Вслед за тем Иван приказал привести к себе в Городище тех новгородцев, которые до его прибытия были взяты под стражу. Это были владычные бояре, новгородские дети бо­ярские, выборные городские и приказные люди и знатней­шие торговцы. С ними вместе привезли их жен и детей. Со­бравши всю эту толпу перед собою, Иван приказал своим детям боярским раздевать их и терзать «неисповедимыми», как говорит современник, муками, между прочим поджи­гать их каким-то изобретенным им составом, который у не­го назывался поджар («некоею составною мудростью огнен­ною»), потом он велел измученных, опаленных привязывать сзади к саням, шибко везти вслед за собою в Новгород, воло­ча по замерзшей земле, и метать в Волхов с мосту. За ними везли жен и детей; женщинам связывали назад руки с ногами, привязывали к ним младенцев и в таком виде бросали в Вол­хов; по реке ездили царские слуги с баграми и топорами и добивали тех, которые всплывали. «Пять недель продолжа­лась неукротимая ярость царева», говорит современник. […]

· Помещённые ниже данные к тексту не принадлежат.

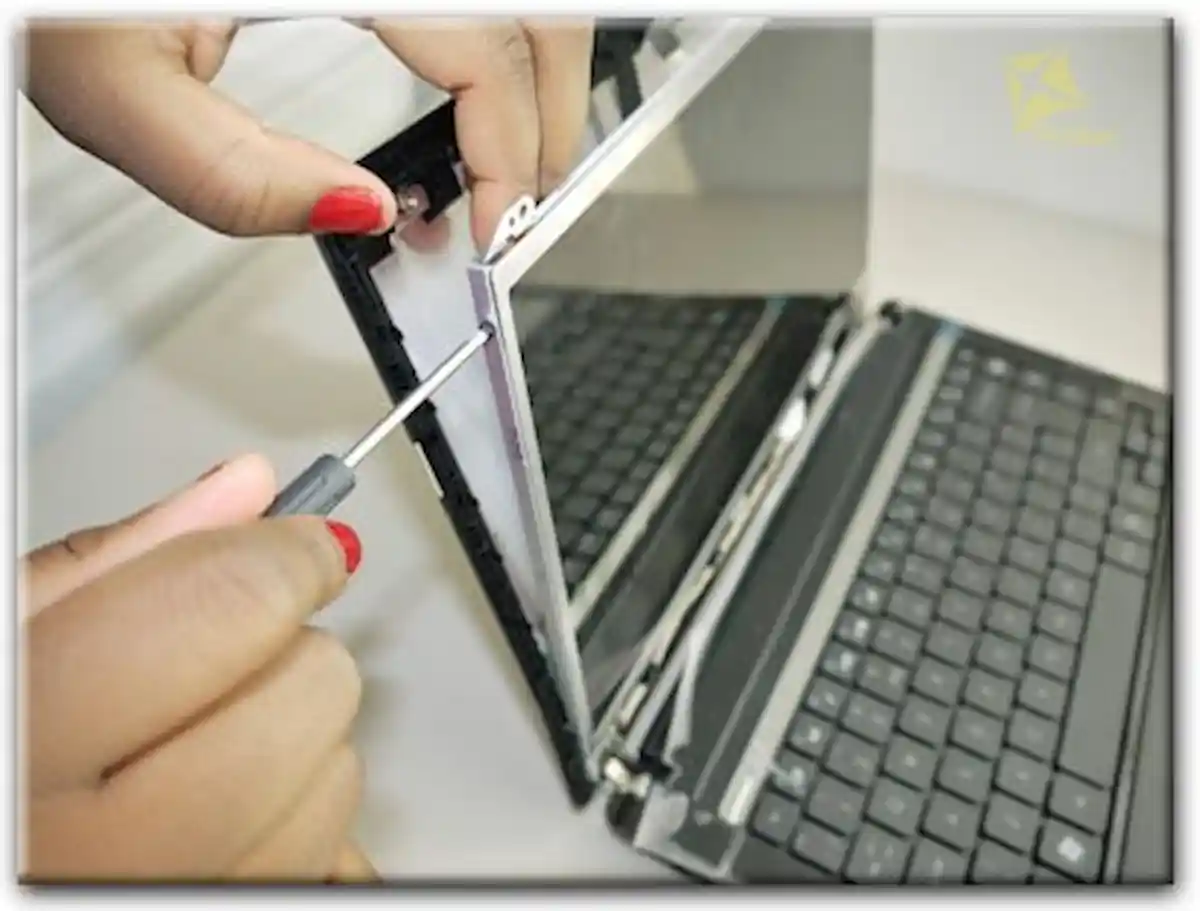 Замена экрана ноутбука Packard Bell в Колпино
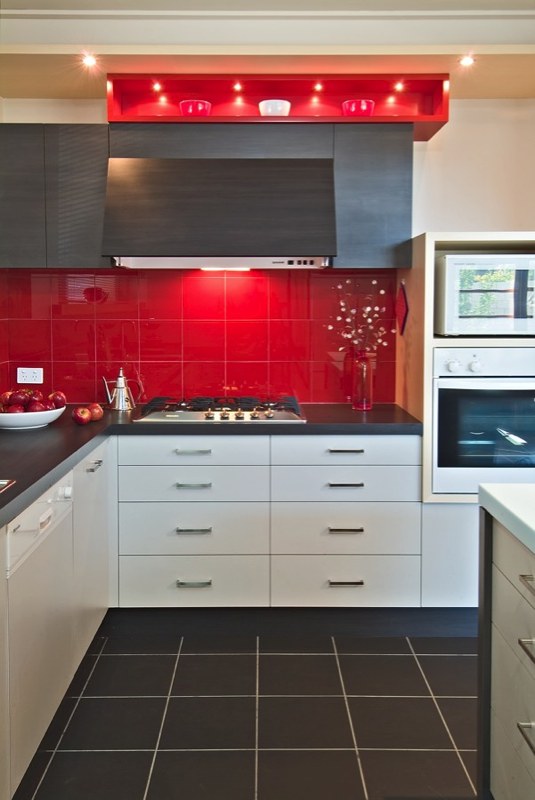 Modern and vibrant Shepparton kitchen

Число истребленных показывается современниками различно, и, вероятно преувеличено. Псковский летопи­сец говорит, что Волхов был запружен телами. В народе до сих пор осталось предание, что Иван Грозный запрудил убитыми новгородцами Волхов и с тех пор, как бы в па­мять этого события, от обилия пролитой человеческой крови, река никогда не замерзает около моста, как бы ни были велики морозы. Последствия царского погрома еще долго отзывались в Новгороде. Истребление хлебных за­пасов и домашнего скота произвело страшный голод и бо­лезни не только в городе, но в окрестностях его; доходилодо того, что люди поедали друг друга и вырывали мертвых из могил. Все лето 1570 года свозили кучами умерших к церкви Рождества в Поле вместе с телами утопленных, выплывавших на поверхность воды, и нищий старец Иван Жегальцо погребал их. (…)

Из Новгорода царь отправился в Псков с намерением и этому городу припомнить его древнюю свободу. Жители были в оцепенении, исповедовались, причащались, готови­лись к смерти. Псковский воевода князь Юрий Токмаков велел поставить на улицах столы с хлебом-солью и всем жителям земно кланяться и показывать знаки полнейшей покорности, как будет въезжать царь. Иван подъехал к Пскову ночью и остановился в монастыре св. Николая на Любатове. Здесь он услышал звон в псковских церквах и понял, что псковичи готовятся к смерти. Когда утром он въехал в город, его приятно поразила покорность народа, лежавшего ниц на земле, но более всего подействовал на него юродивый Никола по прозвищу Салос (что значит по-гречески юродивый). Этого рода люди, представлявшие из себя дурачков и пользовавшиеся всеобщим уважением, ча­сто осмеливались говорить сильным людям то, на что бы не решился никто другой. Никола поднес Ивану кусок сырого мяса. — «Я христианин, и не ем мяса в пост», — сказал Иван. — «Ты хуже делаешь, — сказал ему Никола, — ты ешь человеческое мясо». По другим известиям, юродивый предрекал ему беду, если он начнет свирепствовать во Пскове и, вслед за тем, у Ивана издох его любимый конь. Это так подействовало на царя, что он никого не казнил, но все-таки ограбил церковную казну и частные имения жителей.

Русская история в жизнеописаниях ее главнейших деятелей. СПб., 1873. Вып. 2. С. 484-490.